The scene is quintessential Santa Fe. City of my birth, city of holy faith, city where, for more than a century, artists and writers from New York and Los Angeles and Washington D.C. have moved to find a quieter pace of life—and perhaps a more meaningful (or, spiritual) existence.
Someone asked me recently why Santa Fe became such a magnet for artists in the first place, and I replied that I think it had something to do with Georgia O’Keeffe, who first visited New Mexico in 1929, though I’m sure it goes back even further. Most know O’Keeffe as the one who painted flowers that looked like vaginas. Some others know her as the great chronicler of Northern New Mexico’s stark and beautiful desert landscapes.

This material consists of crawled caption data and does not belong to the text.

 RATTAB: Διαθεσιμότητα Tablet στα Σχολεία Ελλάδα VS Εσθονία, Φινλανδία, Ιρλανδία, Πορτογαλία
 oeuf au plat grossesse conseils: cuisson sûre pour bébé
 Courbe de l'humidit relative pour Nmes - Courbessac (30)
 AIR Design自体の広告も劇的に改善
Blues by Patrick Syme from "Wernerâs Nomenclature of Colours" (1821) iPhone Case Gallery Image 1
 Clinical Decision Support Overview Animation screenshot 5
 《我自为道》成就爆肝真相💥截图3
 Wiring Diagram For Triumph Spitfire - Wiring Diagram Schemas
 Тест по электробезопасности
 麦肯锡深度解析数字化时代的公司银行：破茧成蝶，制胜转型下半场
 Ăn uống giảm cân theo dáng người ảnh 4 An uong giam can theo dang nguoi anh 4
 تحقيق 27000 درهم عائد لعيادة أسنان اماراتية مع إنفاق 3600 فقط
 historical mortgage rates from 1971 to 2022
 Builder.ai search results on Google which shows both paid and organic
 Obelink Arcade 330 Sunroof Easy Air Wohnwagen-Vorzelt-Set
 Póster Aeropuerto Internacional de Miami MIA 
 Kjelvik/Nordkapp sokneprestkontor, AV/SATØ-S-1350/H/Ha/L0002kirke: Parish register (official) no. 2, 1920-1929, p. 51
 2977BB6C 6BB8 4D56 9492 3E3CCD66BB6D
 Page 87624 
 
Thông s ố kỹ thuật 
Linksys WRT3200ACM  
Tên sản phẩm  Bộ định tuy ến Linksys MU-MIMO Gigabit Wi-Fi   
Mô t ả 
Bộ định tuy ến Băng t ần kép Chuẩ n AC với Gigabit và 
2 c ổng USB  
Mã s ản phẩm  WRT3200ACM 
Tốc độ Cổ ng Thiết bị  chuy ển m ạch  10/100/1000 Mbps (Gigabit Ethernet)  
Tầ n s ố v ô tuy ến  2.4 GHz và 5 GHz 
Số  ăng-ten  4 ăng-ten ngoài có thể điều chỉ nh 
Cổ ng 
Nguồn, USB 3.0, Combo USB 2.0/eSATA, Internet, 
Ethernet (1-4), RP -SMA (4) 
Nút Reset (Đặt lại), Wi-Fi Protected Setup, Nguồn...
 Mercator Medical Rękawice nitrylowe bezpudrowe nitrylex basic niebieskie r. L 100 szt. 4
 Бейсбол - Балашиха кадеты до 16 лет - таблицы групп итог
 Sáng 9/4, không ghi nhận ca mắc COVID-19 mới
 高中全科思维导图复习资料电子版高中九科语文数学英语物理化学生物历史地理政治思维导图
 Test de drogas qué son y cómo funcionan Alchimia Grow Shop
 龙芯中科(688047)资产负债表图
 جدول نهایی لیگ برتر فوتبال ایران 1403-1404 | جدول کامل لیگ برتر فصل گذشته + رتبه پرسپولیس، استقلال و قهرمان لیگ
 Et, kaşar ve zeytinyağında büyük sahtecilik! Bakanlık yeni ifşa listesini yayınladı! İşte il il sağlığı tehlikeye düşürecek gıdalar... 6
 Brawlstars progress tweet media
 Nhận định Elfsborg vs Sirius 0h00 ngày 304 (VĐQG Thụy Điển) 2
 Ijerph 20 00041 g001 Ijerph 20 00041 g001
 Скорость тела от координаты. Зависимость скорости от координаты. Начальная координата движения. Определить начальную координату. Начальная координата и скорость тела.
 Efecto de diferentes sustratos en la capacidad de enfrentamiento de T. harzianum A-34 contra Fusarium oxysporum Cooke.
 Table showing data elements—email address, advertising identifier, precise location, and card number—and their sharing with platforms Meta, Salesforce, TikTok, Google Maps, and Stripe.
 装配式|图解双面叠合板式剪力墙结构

I know O’Keeffe as a woman my grandmother knew and photographed multiple times.
O’Keeffe died in Santa Fe in 1986. I was born in 1981, and so legend has it I actually met her. There, in the dark recesses of my earliest childhood memories, I remember an old woman who my grandmother told me was a famous artist, lying on a bed, quite sick, inside an adobe casita. Maybe that was O’Keeffe.
Anyway, the artists have flocked to Santa Fe ever since. My grandmother among them.
“And how is that?” my grandmother asks the woman who had just mentioned the secret Llhasa documents:
She stares at me as if she didn’t understand.
Thinking perhaps she really doesn’t know how Jesus treated women, I say, “You don’t have to go all the way to Tibet to find that out. It’s in the Bible. I’ve got one here, in my purse, if you want to take a look.”
She looks at me, forehead crinkled, as if to say, “The Bible? Don’t you know better?”
I am surprised. The woman is not interested in information that might be within reach. It is written all over her body, in the darkening of her eyes, the flush rising on her cheeks, the way her shoulders shift and arms wave off a suggestion that knowledge of how Jesus treated women might be at hand.
This book is the record of my grandmother’s own spiritual journey—thus the Bible in her purse. But more than that, it is one of the few books I’ve ever heard of that takes seriously the idea that the Bible contains within it stories of female power. Decades later, women still write to my grandmother to tell her about the influence the book had on them.
It is both a memoir and an exegesis (i.e., an interpretation of scripture). The title, So the Woman Went Her Way, is taken from 1st Samuel and refers to Hannah—the name her daughter, my mom, gave to my sister.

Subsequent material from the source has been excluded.